Glacier National Park 2001 satellite image

Glacier National Park, located in Montana on the United States’ border with Canada, is a fitting focal point for public campaigns regarding climate change. The park, which was established in 1910, encompasses more than 1 million acres across two mountain ranges and contains one of the most pristine ecosystems (actually numerous ecosystems) in the United States. Glacier National Park is also included on the World Heritage List as a component of the Waterton-Glacier International Peace Park, with the Water portion being located just across the border in Canada.

While the park is known for its natural beauty, the glaciers that formed the dramatic landscape have been retreating. Of the estimated 150 glaciers that existed in the mid-19th century, only 25 or so remain today and some estimate the glaciers will entirely disappear by the year 2030.

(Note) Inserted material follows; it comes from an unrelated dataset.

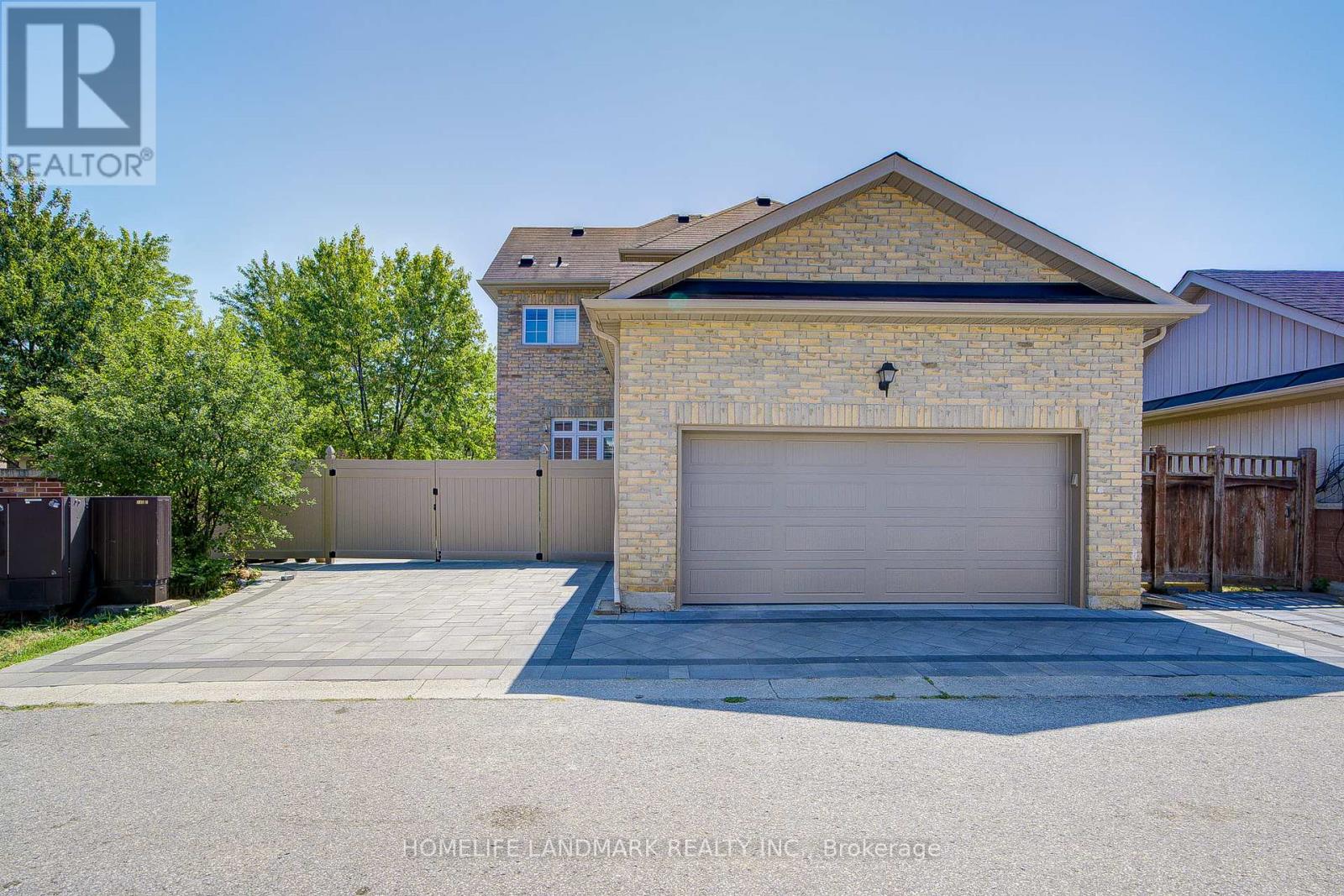 Photo 50 of 14 West Normandy Drive, Markham ON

While climate change and the effects of a warming climate are no longer the subjects of scientific debate, in the United States they are still subject to extensive political debate. Under President Obama, the US signed on to the Paris climate agreement, the current US president has announced intentions to withdraw the US from this landmark international agreement while removing climate change data from government websites and installing cabinet members who agree with this new agenda.

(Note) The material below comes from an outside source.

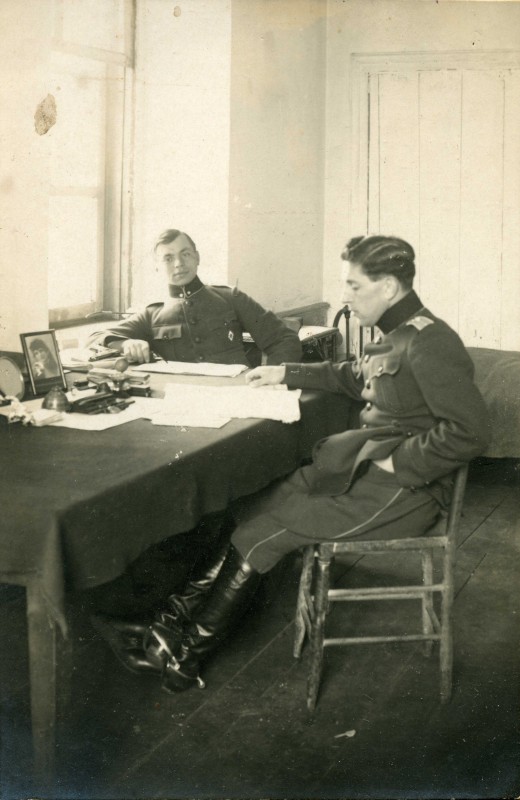 juhuslik 1924, ltn K.Uibo ja Kerjan.jpg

Recently, Mark Zuckerberg, chief executive of Facebook (and a vocal critic of the new US federal climate policy positions), arranged for a tour of Glacier National Park. Just before the tour was to commence, the Secretary of Interior, which oversees the National Park Service, ordered the park’s staff climate change experts to be removed from the Zuckerberg tour. (2001 satellite image of Glacier National Park is in the public domain.)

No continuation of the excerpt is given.